Unimed
- Type: Cooperative
- Industry: Managed healthcare; Insurance;
- Founded: November 28, 1975; 50 years ago
- Headquarters: São Paulo, São Paulo, Brazil
- Area served: Brazil
- Key people: Omar Abujamra Junior (president)
- Services: Healthcare services; Health insurance; Health care provider;
- Net income: R$271.1 million (2023)
- Total equity: R$520.4 million (2023)
- Number of employees: c. 136,000 (2022)
- Website: www.unimed.coop.br

= Unimed (organization) =

Brazilian medical work cooperative and health insurance operator

Confederação Nacional das Cooperativas Médicas (in English: National Confederation of Medical Cooperatives), commonly known as Unimed, is a Brazilian medical work cooperative and health insurance operator. It is considered the largest of its kind in the world, with more than 115,000 affiliated physicians, 386 branches and more than 15 million beneficiaries. Its name is a composite of união and médicos (Portuguese for "union" and "physicians").

Created as an alternative against capital-based health plans, the cooperative was founded in 1967 in the city of Santos, state of São Paulo, by Dr. Luiz Camargo Barbosa and 22 more doctors.

Unimed operates as a physician-owned cooperative. This means doctors hold a dual role: they are both members of the cooperative and providers of healthcare services. While some staff, like auditors or on-call personnel, may be salaried employees, the majority are members. The compensation of member physicians is directly tied to their production, which is typically determined by the quantity and type of procedures they perform.

According to the World Cooperative Monitor 2023 Report, Unimed had 135,000 employees and $15.61 billion in revenue in 2021. Unimed's website states that 143 thousand jobs are generated by the Unimed system, implying the cooperative has seen employment growth since the World Cooperative Monitor's report was released.
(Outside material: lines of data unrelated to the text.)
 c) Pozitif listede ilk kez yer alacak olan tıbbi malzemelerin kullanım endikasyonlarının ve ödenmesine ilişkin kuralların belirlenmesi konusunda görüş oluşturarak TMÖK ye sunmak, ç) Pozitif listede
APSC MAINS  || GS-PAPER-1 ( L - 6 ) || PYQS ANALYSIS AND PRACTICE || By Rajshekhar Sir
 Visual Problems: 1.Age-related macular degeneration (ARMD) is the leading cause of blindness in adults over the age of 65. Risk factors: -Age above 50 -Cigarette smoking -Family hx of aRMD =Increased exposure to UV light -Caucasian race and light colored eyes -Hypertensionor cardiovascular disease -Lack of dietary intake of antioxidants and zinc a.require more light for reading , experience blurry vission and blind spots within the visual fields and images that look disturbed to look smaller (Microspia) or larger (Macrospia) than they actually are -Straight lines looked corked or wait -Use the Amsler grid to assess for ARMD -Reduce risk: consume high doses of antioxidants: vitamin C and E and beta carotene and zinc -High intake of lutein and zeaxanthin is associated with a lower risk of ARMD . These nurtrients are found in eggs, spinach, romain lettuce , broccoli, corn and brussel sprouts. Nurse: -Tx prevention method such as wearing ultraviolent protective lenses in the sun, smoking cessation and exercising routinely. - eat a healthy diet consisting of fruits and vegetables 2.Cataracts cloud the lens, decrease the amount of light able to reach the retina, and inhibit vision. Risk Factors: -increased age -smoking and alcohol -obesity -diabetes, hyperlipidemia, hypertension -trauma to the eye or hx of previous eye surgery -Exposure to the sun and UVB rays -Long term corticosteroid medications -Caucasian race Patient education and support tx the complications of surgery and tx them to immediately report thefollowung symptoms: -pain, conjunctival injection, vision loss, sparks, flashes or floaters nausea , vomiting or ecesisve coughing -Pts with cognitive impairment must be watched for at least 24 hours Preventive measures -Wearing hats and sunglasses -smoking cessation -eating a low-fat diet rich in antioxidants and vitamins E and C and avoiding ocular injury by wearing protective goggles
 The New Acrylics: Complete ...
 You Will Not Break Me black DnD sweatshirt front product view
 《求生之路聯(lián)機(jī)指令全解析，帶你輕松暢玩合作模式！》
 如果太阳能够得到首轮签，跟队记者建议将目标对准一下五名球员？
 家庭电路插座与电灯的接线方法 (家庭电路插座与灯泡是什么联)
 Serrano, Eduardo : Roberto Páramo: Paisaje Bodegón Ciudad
Notably, the report identified Unimed as a worker cooperative, meaning it may surpass the Mondragon Corporation as the largest worker cooperative in the world.

== History ==
With the purpose to guarantee the freedom and dignity of healthy professionals and structure improvements needed by the sector at finish of 1960 decade, a doctors group affiliated to Santos Doctors Sindicate (Sindicato dos Médicos de Santos), in Sao Paulo State, sought in cooperativism an alternative model of Management based on ethics, without aim of profit and with an emphasis on the social role of medicine.
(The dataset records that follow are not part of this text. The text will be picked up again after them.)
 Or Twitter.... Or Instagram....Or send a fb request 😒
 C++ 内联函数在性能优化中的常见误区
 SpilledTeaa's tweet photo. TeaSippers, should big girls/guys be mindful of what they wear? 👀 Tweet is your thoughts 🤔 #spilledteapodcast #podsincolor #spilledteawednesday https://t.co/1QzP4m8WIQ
That is why, on December 18, 1967, Luiz Camargo Barbosa and 22 other doctors founded the Union of Doctors – Unimed, with Camargo Barbosa as the first president.
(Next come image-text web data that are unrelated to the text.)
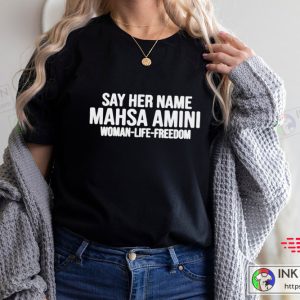 Say Her Name Mahsa Amini Freedom Mahsa Amini Iran T shirt 4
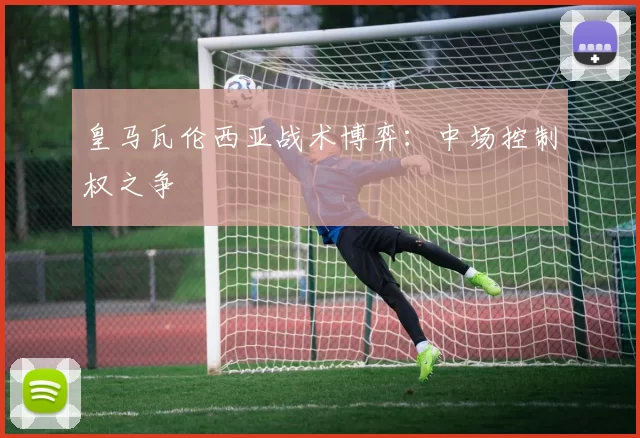 皇马瓦伦西亚战术博弈：中场控制权之争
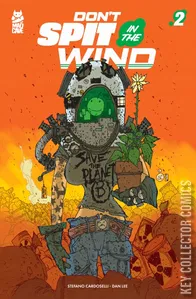 Don't Spit Into the Wind #2
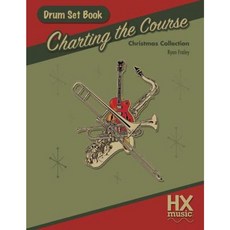 Charting the Course Christmas Collection Drum Set Book Paperback, Createspace Independent Publishing Platform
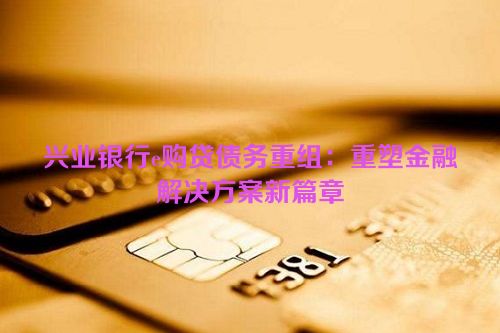 兴业银行e购贷债务重组：重塑金融解决方案新篇章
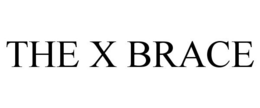 THE X BRACE trademark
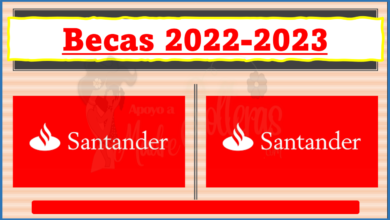 ¡Conoce y Postúlate para Becas Santander 2022-2023! no dejes de pasar esta oportunidad.
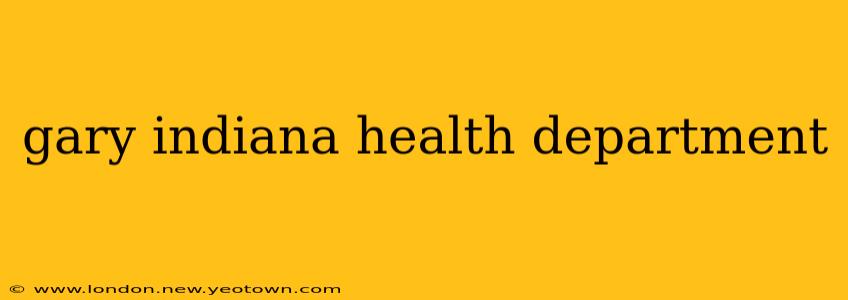 gary indiana health department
The board of Unimed Santos went to visit cities interested in adopting the model of cooperativism and soon the Unimed expanded, first by the interior of the State and then for the rest of the Country.

To organize institutionally all the federations and Single companies, which began to be created at the beginning of the decade, the Unimed of Brazil was founded on November 28, 1975, during a meeting of members.